Expect Siebel Newsom, 44, to be a visible presence in Sacramento if her husband wins. She’s played a starring role in Newsom’s campaign so far, introducing him at rallies across the state and wiping away tears during an event with the father of a gun violence victim. During the “March for Our Lives” gun control demonstrations this year, Siebel Newsom spoke at a San Francisco rally — decrying “toxic masculinity” and pointing out that nearly all mass shooters are men — as Newsom addressed activists in Orange County.
FEMINIST RECORD
Her feminist record could also help her defend her husband from political attacks over his past infidelity, which surfaced as an issue during the primary campaign. Before the two met, when Newsom was separated from his first wife, current Fox News host Kimberly Guilfoyle, he had an affair with his appointments secretary, who was married to his campaign manager and close friend.

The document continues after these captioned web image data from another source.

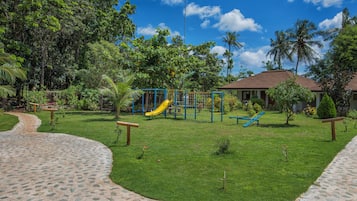 Explore the playground surrounded by lush greenery and palm trees, featuring a slide and climbing structures.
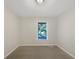Carpeted bedroom with a window and neutral walls at 5394 Muirwood Pl, Powder Springs, GA 30127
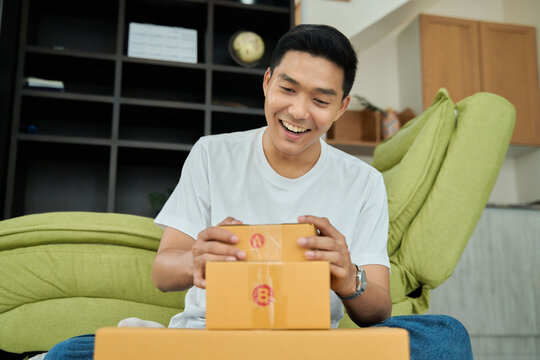 Young asian man unpacking  awaited parce looking inside, sitting at sofa, satisfied happy customer opening cardboard box with online store order, good shipping delivery service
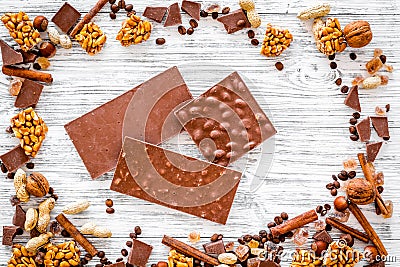 Chocolate bars of different varietes on grey wooden background top view Stock Photo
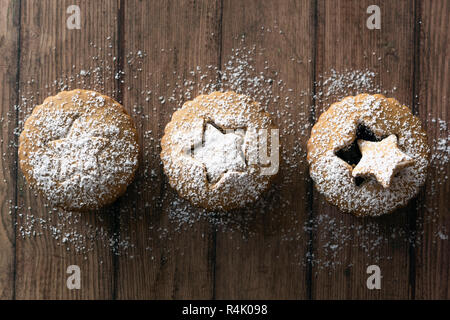 Tre gingerbread frutta crostate di tritare spolverato con zucchero a velo su un sfondo di legno. Foto Stock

But Siebel Newsom has gotten in trouble on the topic before. The scandal went public while she was dating Newsom, and she threw lighter fluid on the media firestorm by telling the San Francisco Chronicle that “the woman is the culprit,” and commenting on local blog SFist that “everyone near to her has stories and says she is bad news.” She later apologized.
Friends of the couple say she’s had a profound impact on Newsom, who as mayor had a reputation for being aloof.
“Jen is so open and honest, almost naïve in the sense of how trusting she is,” said Mimi Silbert, the head of San Francisco’s Delancey Street Project, who’s known Newsom for decades and helped counsel him in the years after his affair. “Gavin was struggling with having his emotions really show — and she helped him take those walls down.”
If Newsom wins in November, Siebel Newsom said she’d want to use her position as first partner to promote mental health issues, address sexual harassment in Sacramento, and organize summits bringing together young people from around California.
And she’d try to avoid cliched stereotypes of the role a first lady should perform.
“Who wants to be a trophy wife?” she asked. “I’ve already played that in Hollywood.”